#### Data for this exercise

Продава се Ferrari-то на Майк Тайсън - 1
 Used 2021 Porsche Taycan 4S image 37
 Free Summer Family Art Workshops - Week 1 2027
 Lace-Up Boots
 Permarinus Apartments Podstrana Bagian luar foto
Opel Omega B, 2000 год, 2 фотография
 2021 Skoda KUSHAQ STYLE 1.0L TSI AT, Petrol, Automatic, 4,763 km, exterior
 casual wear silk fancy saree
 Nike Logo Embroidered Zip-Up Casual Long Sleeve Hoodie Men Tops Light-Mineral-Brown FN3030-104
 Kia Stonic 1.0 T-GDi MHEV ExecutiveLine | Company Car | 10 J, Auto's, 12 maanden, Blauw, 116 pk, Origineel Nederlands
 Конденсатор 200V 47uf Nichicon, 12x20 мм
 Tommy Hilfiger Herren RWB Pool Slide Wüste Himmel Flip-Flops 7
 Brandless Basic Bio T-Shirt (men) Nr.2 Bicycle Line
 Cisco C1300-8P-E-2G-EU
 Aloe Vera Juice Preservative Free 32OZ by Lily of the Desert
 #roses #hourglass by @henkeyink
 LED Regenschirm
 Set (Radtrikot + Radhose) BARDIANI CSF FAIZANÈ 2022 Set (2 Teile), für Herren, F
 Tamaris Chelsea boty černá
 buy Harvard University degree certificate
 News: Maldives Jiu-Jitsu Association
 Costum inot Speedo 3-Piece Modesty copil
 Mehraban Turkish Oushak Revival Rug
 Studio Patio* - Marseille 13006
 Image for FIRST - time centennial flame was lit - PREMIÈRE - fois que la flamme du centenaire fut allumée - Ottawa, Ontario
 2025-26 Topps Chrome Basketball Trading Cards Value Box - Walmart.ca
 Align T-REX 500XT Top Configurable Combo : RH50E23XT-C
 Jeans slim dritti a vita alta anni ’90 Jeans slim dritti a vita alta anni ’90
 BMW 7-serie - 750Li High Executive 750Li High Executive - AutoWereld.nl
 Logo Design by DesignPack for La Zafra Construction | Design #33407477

########

Activity:
Where the data above reaches the line holding "Opel Omega B, 2000 год, 2 фотография", begin printing, and stop after the line holding "Brandless Basic Bio". Each line must be reproduced exactly, with nothing else added.

Solution below:
Opel Omega B, 2000 год, 2 фотография
 2021 Skoda KUSHAQ STYLE 1.0L TSI AT, Petrol, Automatic, 4,763 km, exterior
 casual wear silk fancy saree
 Nike Logo Embroidered Zip-Up Casual Long Sleeve Hoodie Men Tops Light-Mineral-Brown FN3030-104
 Kia Stonic 1.0 T-GDi MHEV ExecutiveLine | Company Car | 10 J, Auto's, 12 maanden, Blauw, 116 pk, Origineel Nederlands
 Конденсатор 200V 47uf Nichicon, 12x20 мм
 Tommy Hilfiger Herren RWB Pool Slide Wüste Himmel Flip-Flops 7
 Brandless Basic Bio T-Shirt (men) Nr.2 Bicycle Line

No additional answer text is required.